I presume there is a chance the harm can be undone. As antibiotics are less used, the few resistant bacteria will compete with the many non resistant bacteria and hopefully go extinct.
Extinction is unlikely, unless having resistance comes at a very high cost to the organism. I would not necessarily assume this is the case, though. These are genes that may have already existed in a subset of these bacteria, just as random genetic variation, and then we came along and selectively bred the ones with a natural resistance to our antibiotics.
Think of it like the black death in humans. When this disease suddenly made the jump to humans, some people had naturally higher resistance and some had lower resistance, all just due to random genetic variation. The disease spared people who were more resistant and killed people who were less resistant, and now humans today carry genes that protect us from this disease, even though we have not had another black plague for hundreds of years. Even if we eradicated the disease entirely, we will probably still carry resistance for thousands of years. It's just a part of our genetic makeup now.
Back to bacteria, even if antibiotic resistance does come at a high cost to the organism and there is selective pressure against it in the absence of antibiotics, it is still very unlikely that we can get back to the way it was when antiobiotics were new.
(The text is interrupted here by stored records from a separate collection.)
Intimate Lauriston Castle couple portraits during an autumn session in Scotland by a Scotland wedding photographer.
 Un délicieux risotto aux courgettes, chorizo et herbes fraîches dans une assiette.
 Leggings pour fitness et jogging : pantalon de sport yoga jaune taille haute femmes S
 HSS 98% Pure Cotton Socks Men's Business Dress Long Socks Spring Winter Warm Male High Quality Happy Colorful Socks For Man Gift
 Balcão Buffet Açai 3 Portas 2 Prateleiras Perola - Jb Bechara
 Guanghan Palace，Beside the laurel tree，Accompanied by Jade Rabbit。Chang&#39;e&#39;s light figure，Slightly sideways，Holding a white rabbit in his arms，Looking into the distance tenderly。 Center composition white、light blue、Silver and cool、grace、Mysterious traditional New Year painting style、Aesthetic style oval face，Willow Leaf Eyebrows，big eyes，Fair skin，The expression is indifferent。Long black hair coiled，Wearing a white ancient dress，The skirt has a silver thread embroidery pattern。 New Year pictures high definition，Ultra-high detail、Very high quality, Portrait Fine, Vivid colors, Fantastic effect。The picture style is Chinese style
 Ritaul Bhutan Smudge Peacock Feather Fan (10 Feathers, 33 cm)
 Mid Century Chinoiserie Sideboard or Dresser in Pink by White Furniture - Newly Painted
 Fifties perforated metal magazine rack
Once a deleterious trait appears in a population, it has a way of sticking around (e.g., see numerous deadly genetic diseases carried by humans).
Basically, the cat is out of the bag. We need to drastically reduce our use of modern antibiotics to buy ourselves time to develop new antibiotics--and we need to keep the new antibiotics very tightly controlled.
But my point is that if you cease to apply a selective pressure, suddenly the organism that were suppressed by this selective pressure thrive. Whereas in the case of the back death the pressure didn't disappear, we just developed a resistance (if that's the case).